DATA FOR THIS EXERCISE =>
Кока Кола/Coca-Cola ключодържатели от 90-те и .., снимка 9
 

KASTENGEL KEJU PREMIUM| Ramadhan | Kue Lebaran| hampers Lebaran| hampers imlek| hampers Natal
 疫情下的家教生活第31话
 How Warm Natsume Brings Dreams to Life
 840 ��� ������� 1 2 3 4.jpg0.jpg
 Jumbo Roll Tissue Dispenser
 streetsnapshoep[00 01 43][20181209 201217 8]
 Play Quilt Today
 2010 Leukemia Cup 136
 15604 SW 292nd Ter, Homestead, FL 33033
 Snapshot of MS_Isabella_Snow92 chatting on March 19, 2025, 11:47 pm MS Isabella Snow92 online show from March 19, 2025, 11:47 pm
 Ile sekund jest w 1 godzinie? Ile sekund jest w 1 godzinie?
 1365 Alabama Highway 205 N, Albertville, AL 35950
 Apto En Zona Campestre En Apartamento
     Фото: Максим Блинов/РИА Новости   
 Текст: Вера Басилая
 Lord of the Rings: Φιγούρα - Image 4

WHAT TO WORK ON => Could you copy every record above exactly as it appears?

RESPONSE TO THE TASK =>
Кока Кола/Coca-Cola ключодържатели от 90-те и .., снимка 9
 

KASTENGEL KEJU PREMIUM| Ramadhan | Kue Lebaran| hampers Lebaran| hampers imlek| hampers Natal
 疫情下的家教生活第31话
 How Warm Natsume Brings Dreams to Life
 840 ��� ������� 1 2 3 4.jpg0.jpg
 Jumbo Roll Tissue Dispenser
 streetsnapshoep[00 01 43][20181209 201217 8]
 Play Quilt Today
 2010 Leukemia Cup 136
 15604 SW 292nd Ter, Homestead, FL 33033
 Snapshot of MS_Isabella_Snow92 chatting on March 19, 2025, 11:47 pm MS Isabella Snow92 online show from March 19, 2025, 11:47 pm
 Ile sekund jest w 1 godzinie? Ile sekund jest w 1 godzinie?
 1365 Alabama Highway 205 N, Albertville, AL 35950
 Apto En Zona Campestre En Apartamento
     Фото: Максим Блинов/РИА Новости   
 Текст: Вера Басилая
 Lord of the Rings: Φιγούρα - Image 4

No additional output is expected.